R-MCTS outperforms other search algorithms on benchmarks like Visual Web Arena (browsing tasks) and OS World (Linux computer tasks like file system navigation or using apps) [00:31:18]. It shows that augmenting VLMs with search algorithms can improve performance without additional human supervision [00:32:46].

3. Learning from Examples and Traces (Exploratory Learning)

The knowledge gained through tree search can be transferred back into the base LLM through a training process [00:33:30].

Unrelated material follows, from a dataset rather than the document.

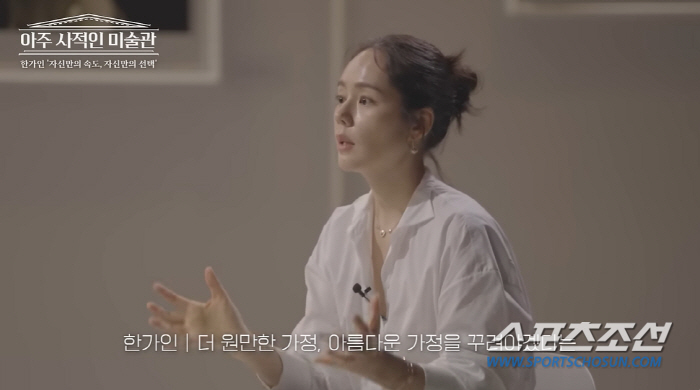 [종합]"25살때 결혼=가장 큰 미스터리". 한가인, 20대 초반 많은 …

  • Exploratory Learning: Unlike imitation learning (which directly transfers the best action found), exploratory learning treats the entire tree search process as a single trajectory [00:33:55]. This teaches the model how to linearize the search tree traversal, motivating it to learn how to explore, backtrack, and evaluate [00:34:03]. This makes models improve their decision processes inherently [00:34:21].

Exploratory learning leads to better performance with constrained budgets for test-time computation compared to imitation learning [00:34:32].

Future Directions and Challenges

Current benchmarks often focus on a single AI agent performing a single task [00:37:25]. Future work aims to address more complex scenarios:

  • Multi-task, Multi-agent Environments: How can a single human assign multiple tasks to a model on the same computer, or how do multiple humans interact with multiple agents concurrently [00:37:40]?
  • System-level Problems: This includes scheduling, database interaction to avoid side effects, and enhanced security measures, such as determining when to handover to a human or request supervision [00:37:48].
  • Realistic Benchmarks: There is a need for more realistic benchmarks that integrate system considerations, focusing not only on task completion but also on efficiency and security [00:38:25].

The open-source Arcollex AI framework is being developed to integrate these research findings, providing features like continuous learning and task decomposition [00:36:40]. This involves combining machine learning expertise with systems, HCI, and security knowledge to advance AI agent systems in a deeper and more practical way [00:37:06].